Problem requirements –
Your answer should contain only the lines from the top of the data below down through the one with "KNDJN2A2XE7035340 2014 Kia Soul", transcribed exactly and without pictures; please include nothing more.

====== Data supplied ======

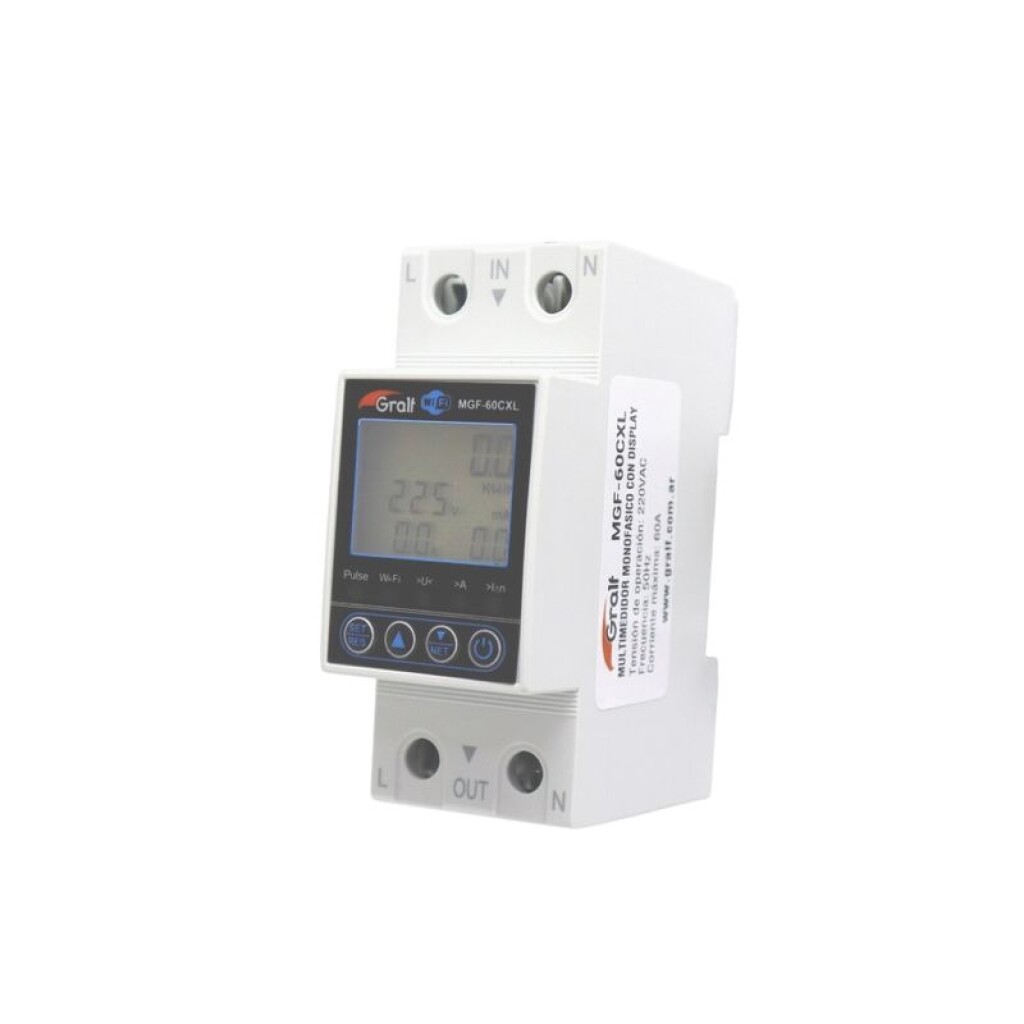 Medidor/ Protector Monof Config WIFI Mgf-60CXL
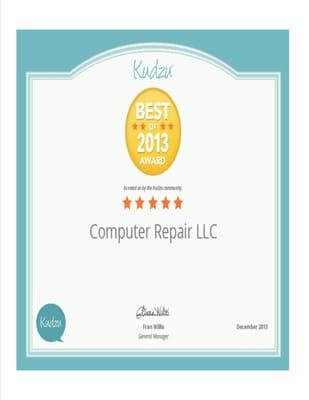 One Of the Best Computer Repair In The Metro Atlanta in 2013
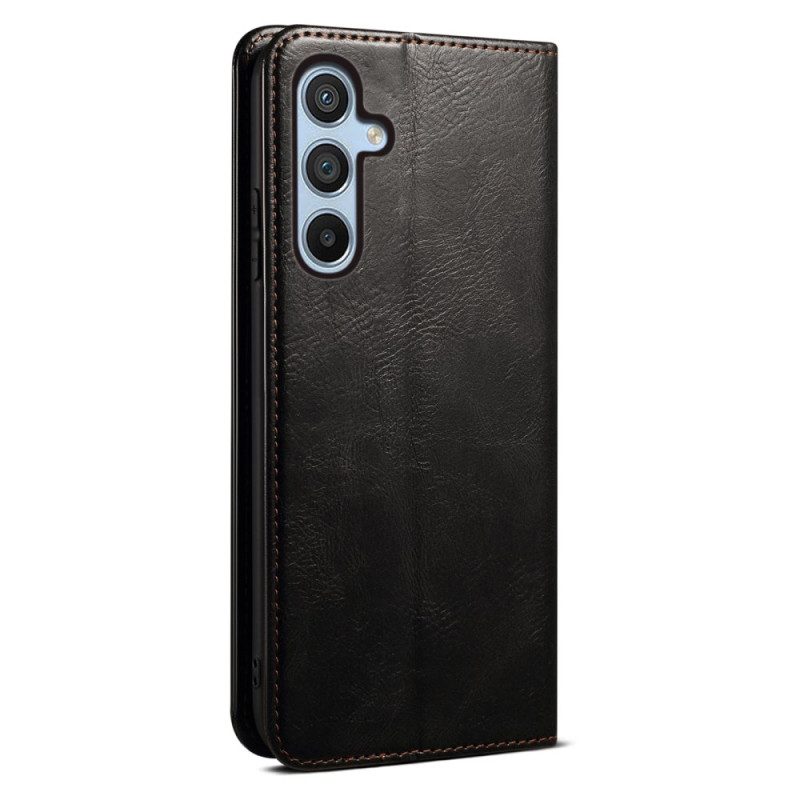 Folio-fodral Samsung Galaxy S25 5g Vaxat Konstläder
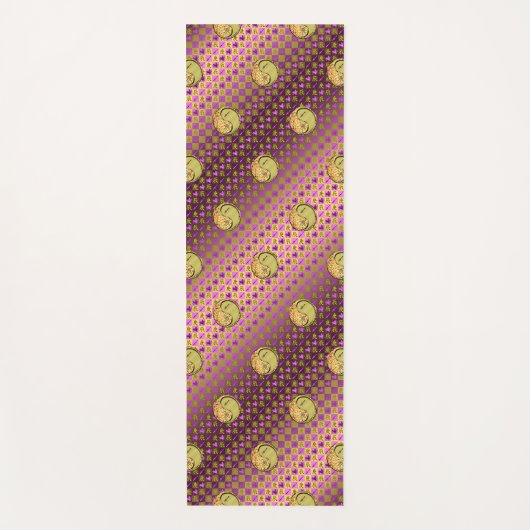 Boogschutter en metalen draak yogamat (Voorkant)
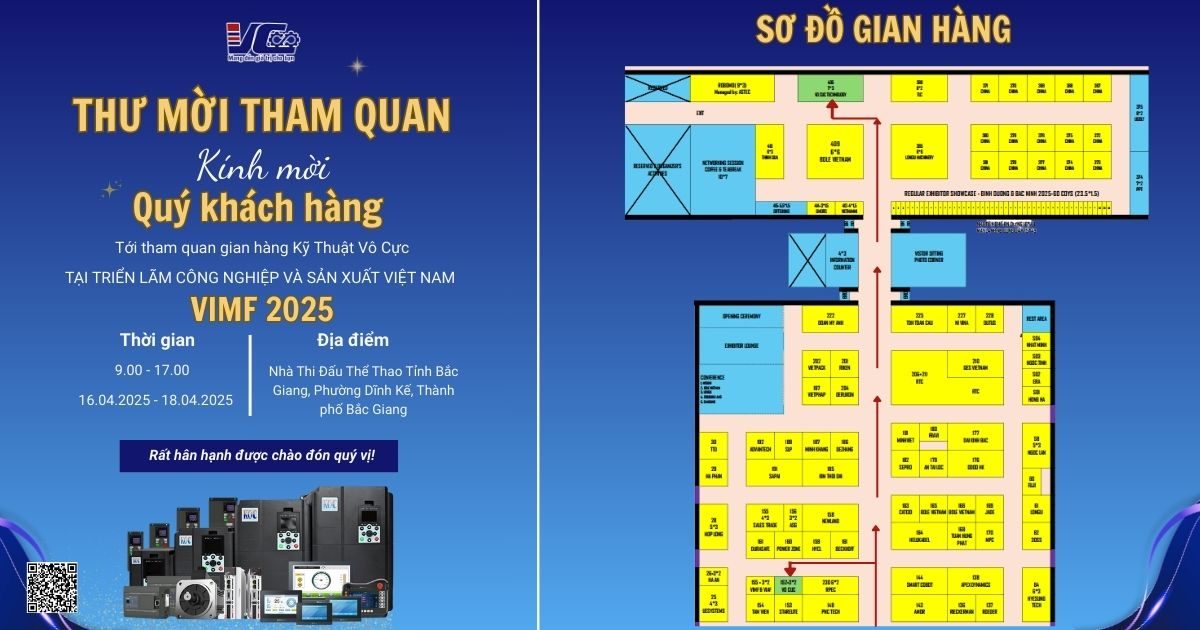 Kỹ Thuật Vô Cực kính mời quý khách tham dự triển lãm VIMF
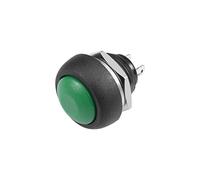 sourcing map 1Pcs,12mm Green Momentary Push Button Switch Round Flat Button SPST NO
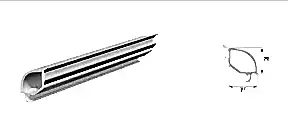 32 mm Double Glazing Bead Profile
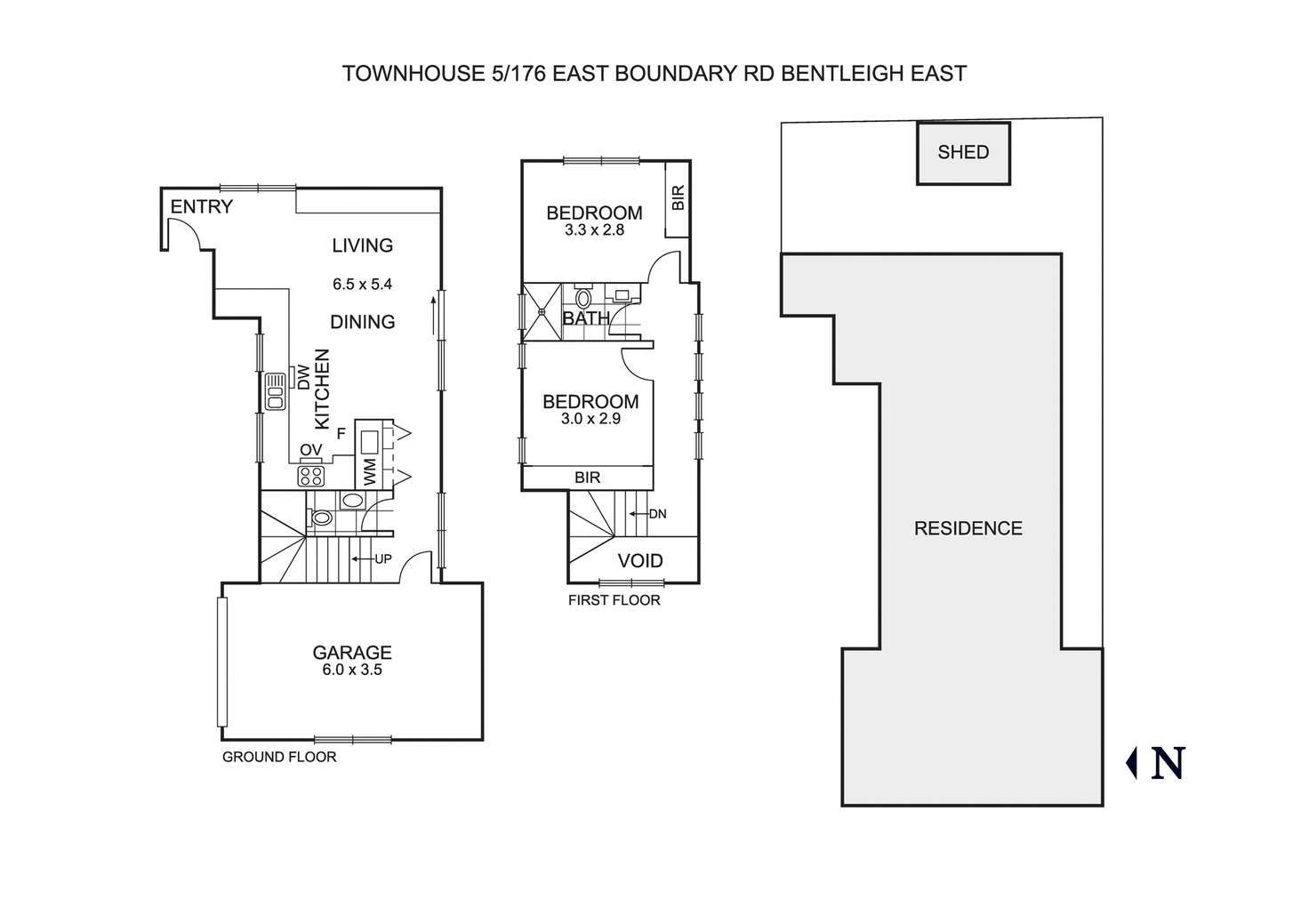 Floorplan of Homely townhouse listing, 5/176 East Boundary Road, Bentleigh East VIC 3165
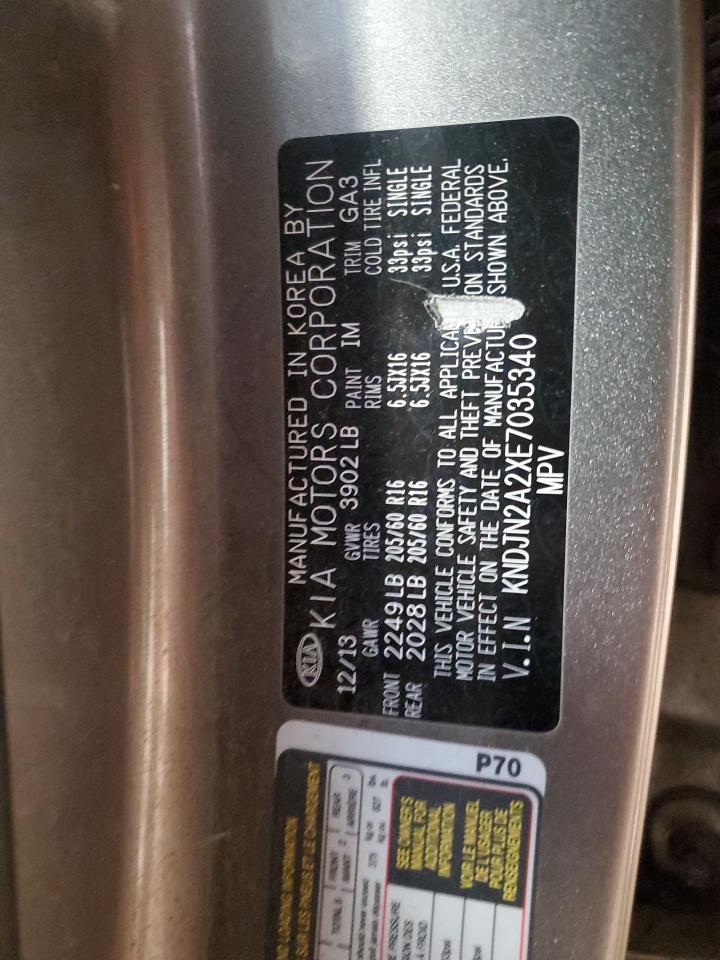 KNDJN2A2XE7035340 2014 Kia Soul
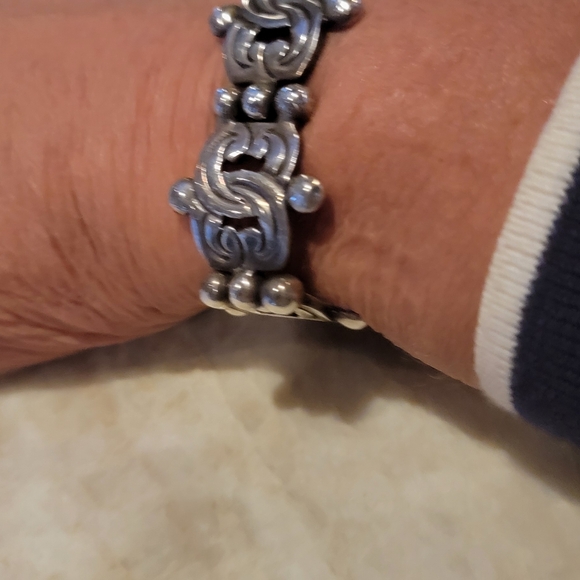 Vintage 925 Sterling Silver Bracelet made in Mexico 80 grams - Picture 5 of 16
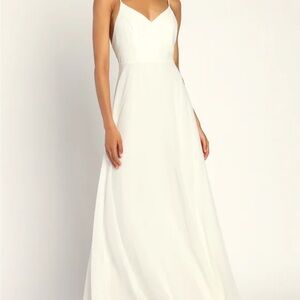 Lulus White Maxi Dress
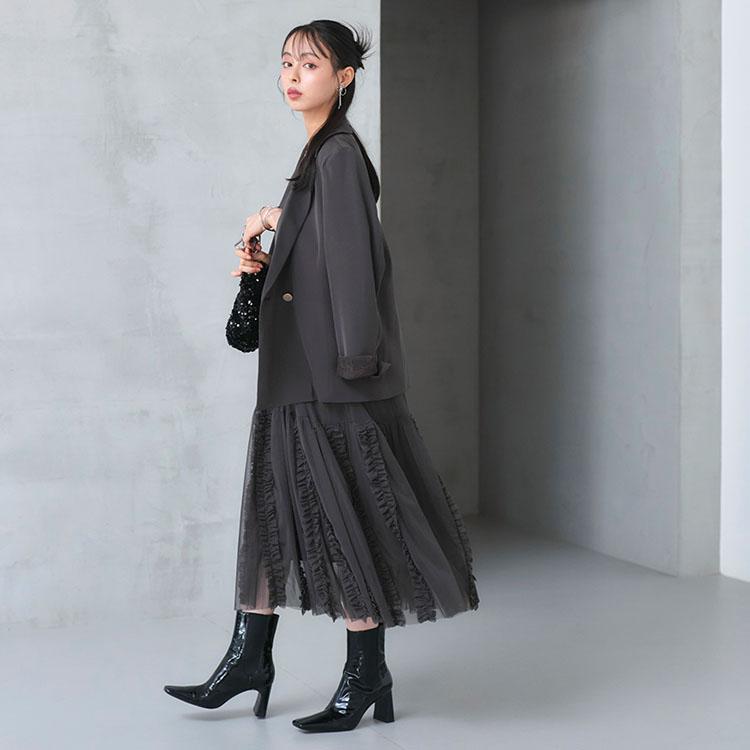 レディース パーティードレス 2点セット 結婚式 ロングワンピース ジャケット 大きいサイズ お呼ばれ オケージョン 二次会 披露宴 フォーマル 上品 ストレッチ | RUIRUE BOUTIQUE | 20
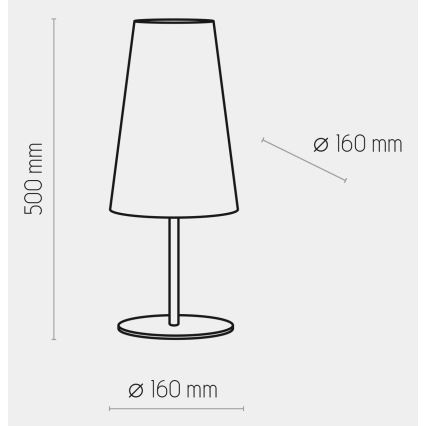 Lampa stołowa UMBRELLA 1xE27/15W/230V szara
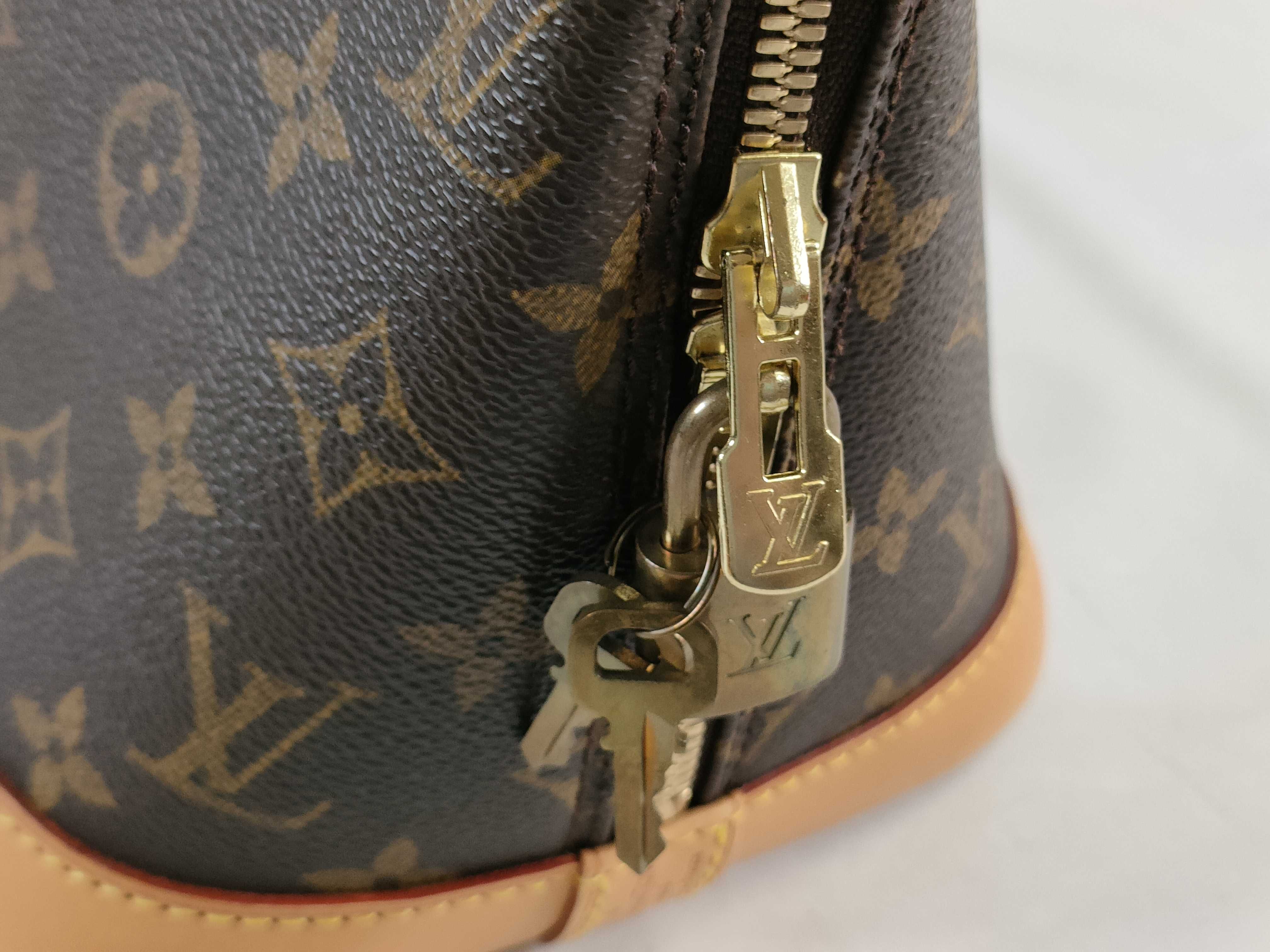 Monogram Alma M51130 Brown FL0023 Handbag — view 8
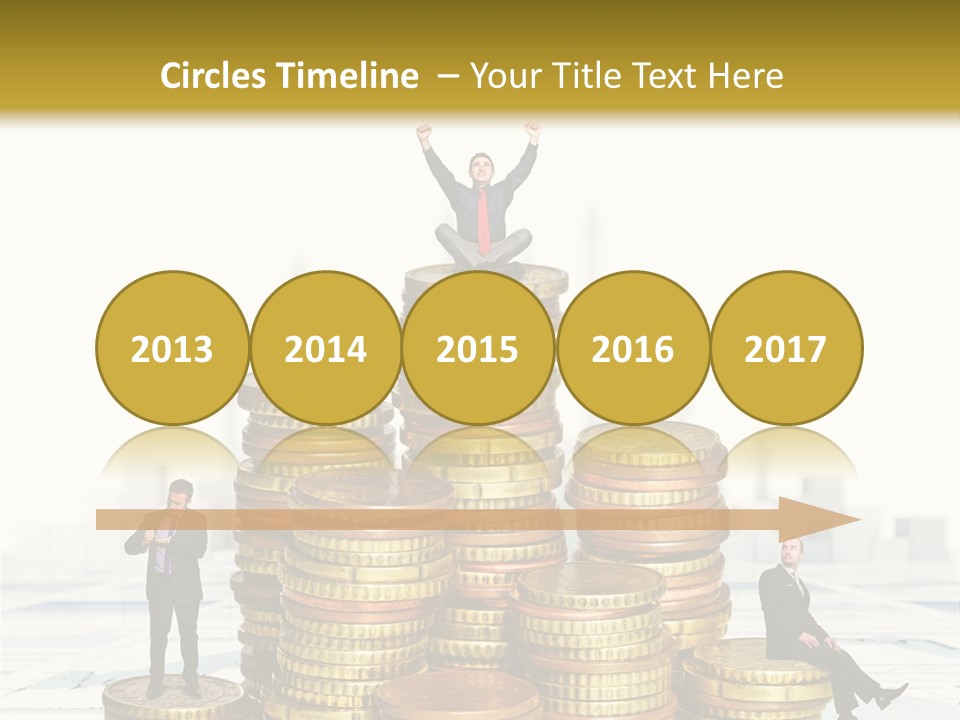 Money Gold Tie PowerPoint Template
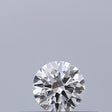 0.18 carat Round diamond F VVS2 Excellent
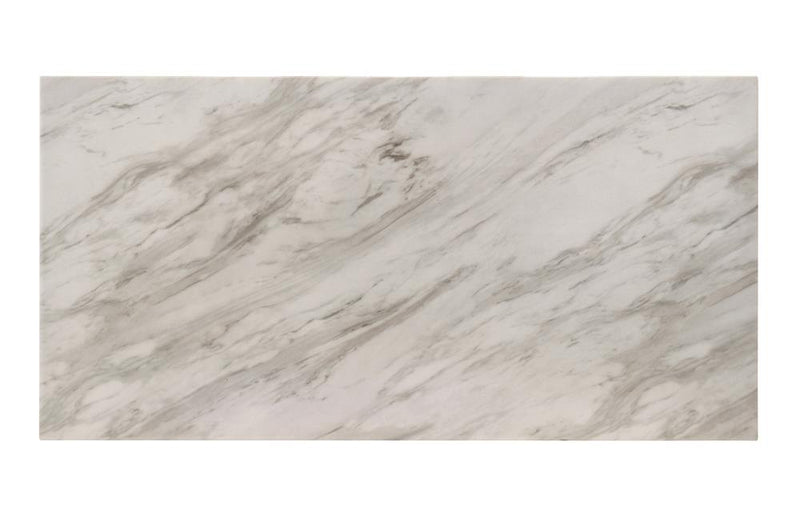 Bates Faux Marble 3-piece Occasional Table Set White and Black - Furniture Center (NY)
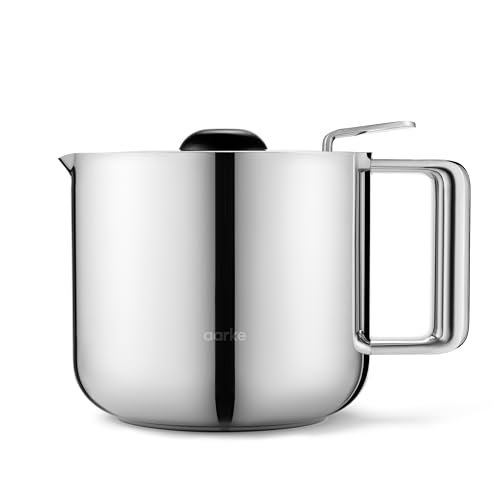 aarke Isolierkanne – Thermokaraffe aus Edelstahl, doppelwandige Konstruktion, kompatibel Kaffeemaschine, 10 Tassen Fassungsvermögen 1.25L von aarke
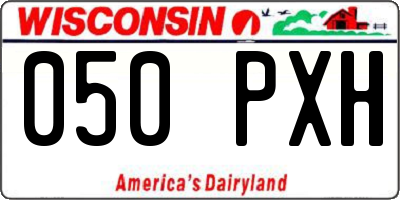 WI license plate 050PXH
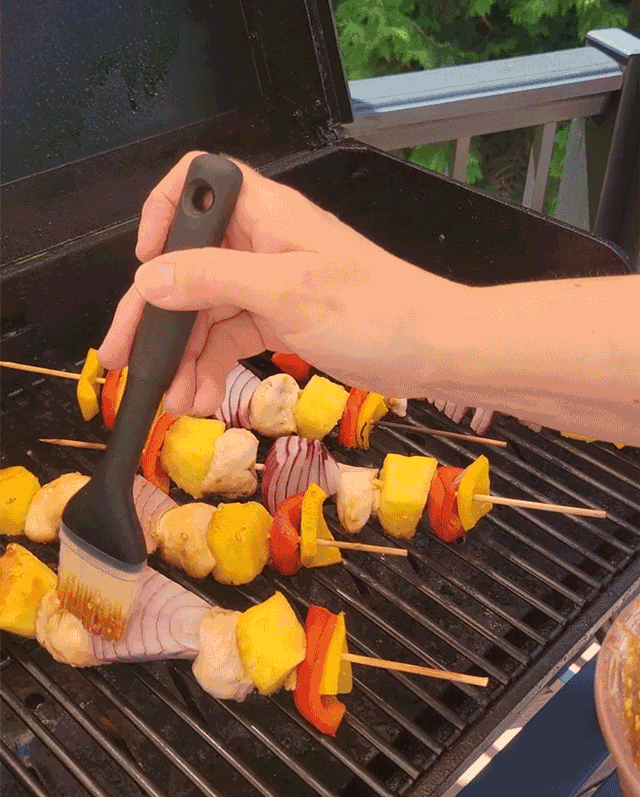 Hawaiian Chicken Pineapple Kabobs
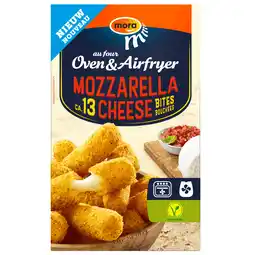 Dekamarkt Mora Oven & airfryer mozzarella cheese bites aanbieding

======

Exercise solution –
 Medidor/ Protector Monof Config WIFI Mgf-60CXL
 One Of the Best Computer Repair In The Metro Atlanta in 2013
 Folio-fodral Samsung Galaxy S25 5g Vaxat Konstläder
 Boogschutter en metalen draak yogamat (Voorkant)
 Kỹ Thuật Vô Cực kính mời quý khách tham dự triển lãm VIMF
 sourcing map 1Pcs,12mm Green Momentary Push Button Switch Round Flat Button SPST NO
 32 mm Double Glazing Bead Profile
 Floorplan of Homely townhouse listing, 5/176 East Boundary Road, Bentleigh East VIC 3165
 KNDJN2A2XE7035340 2014 Kia Soul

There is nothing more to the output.